Выбрать главу

— Qiwi, je peux te parler ?

Elle s’approchait déjà de lui.

— Un instant, Rhapsa, s’il te plaît.

— Bien sûr.

Les Araignées se retirèrent sur la pointe des pieds, tandis que Zinmin continuait d’assaillir Ali Lin de questions.

Ezr et Qiwi se firent face, à trente centimètres seulement l’un de l’autre.

— Qiwi. Ils ont déFocalisé Trixia il y a environ deux mille secondes.

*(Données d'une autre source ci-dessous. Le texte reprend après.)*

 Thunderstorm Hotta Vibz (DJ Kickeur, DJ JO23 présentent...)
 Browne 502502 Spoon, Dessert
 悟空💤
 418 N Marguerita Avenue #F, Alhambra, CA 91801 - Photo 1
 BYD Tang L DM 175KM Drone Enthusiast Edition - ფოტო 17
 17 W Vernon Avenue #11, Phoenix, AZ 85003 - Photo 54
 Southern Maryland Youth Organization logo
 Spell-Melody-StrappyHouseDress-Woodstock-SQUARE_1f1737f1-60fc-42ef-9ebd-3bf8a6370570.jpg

Elle réagit par un sourire radieux. Il y avait encore chez Qiwi une intensité enfantine. Surmontant toutes les épreuves de l’Exil, elle était demeurée un être humain et ouvert. Elle était à présent au centre de leurs négociations avec les Araignées – l’ingénieur dont elles avaient tenu à s’assurer les services en priorité. Ezr constatait maintenant l’étendue de ses talents, de la dynamique à la négociation pointue en passant par les biosciences. Qiwi représentait très bien l’esprit du Qeng Ho.

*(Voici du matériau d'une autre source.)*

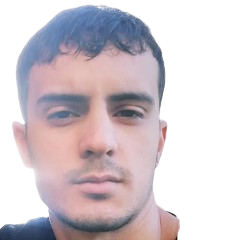 Player: Sergen Ersüzen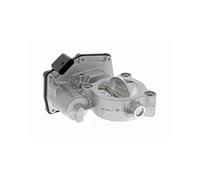 VEMO Drosselklappenstutzen V20-81-0021 Original VEMO Qualität für BMW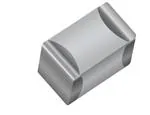 Capacitors 27PF 100V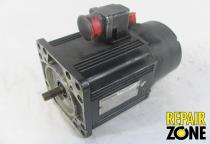 Indramat MAC92A-0-DD-2-C/95-A-2/S018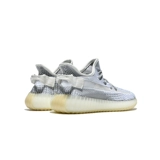 Off yeezy wahfu coconut 350v2 в течение дня, летняя пустота мужская обувь и женская обувь Putian Summer действительно взорвалось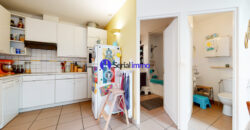 VENDU – Appartement Nancy
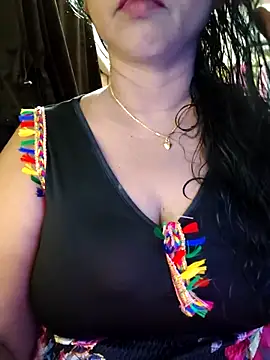 Bangarupapa online show from July 2026 04:40:01 PM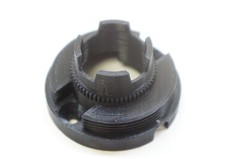 Threaded Screw Base Mount for Ubiquiti UniFi G3 & G4 Bullet Camera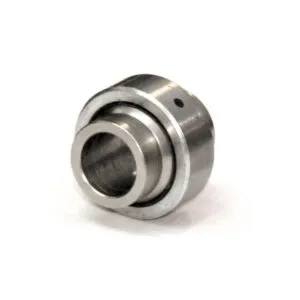 AFCO RACING PRODUCTS Bearing Shock Steel 1in x 1/2in ID 1007X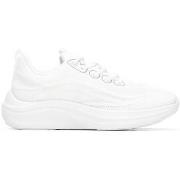 Lage Sneakers Refresh 17506303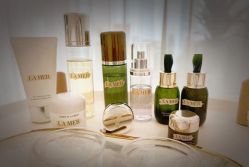 -美肤盾祛痘·问题肌头疗管理中心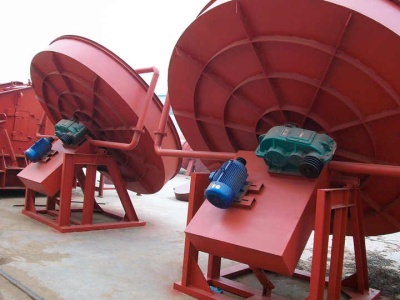 high yield sand production line in indonesia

— Elle… elle va s’en tirer ?

Qiwi ouvrait de grands yeux, les mains serrées sur la poitrine.

— Oui ! Un peu de désorientation, d’après Anne, mais son esprit et sa personnalité sont intacts, et… et je peux venir la voir dans le courant de la journée.

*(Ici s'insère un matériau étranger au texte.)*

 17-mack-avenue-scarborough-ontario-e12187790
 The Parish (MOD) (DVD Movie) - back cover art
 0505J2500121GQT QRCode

— Oh, Ezr ! Je suis tellement heureuse pour elle.

Les mains de Qiwi se séparèrent et vinrent se poser sur les épaules d’Ezr. Brusquement, son visage fut très proche et ses lèvres frôlèrent sa joue.

— Je voulais te voir avant de lui parler…

— Oui ?

— Je… je voulais simplement te remercier de m’avoir sauvé la vie, de nous avoir tous sauvés.

Je veux te remercier de m’avoir rendu mon âme.

— Si Trixia et moi pouvons faire quelque chose pour toi…

Et elle était de nouveau à une longueur de bras, avec un sourire un peu étrange.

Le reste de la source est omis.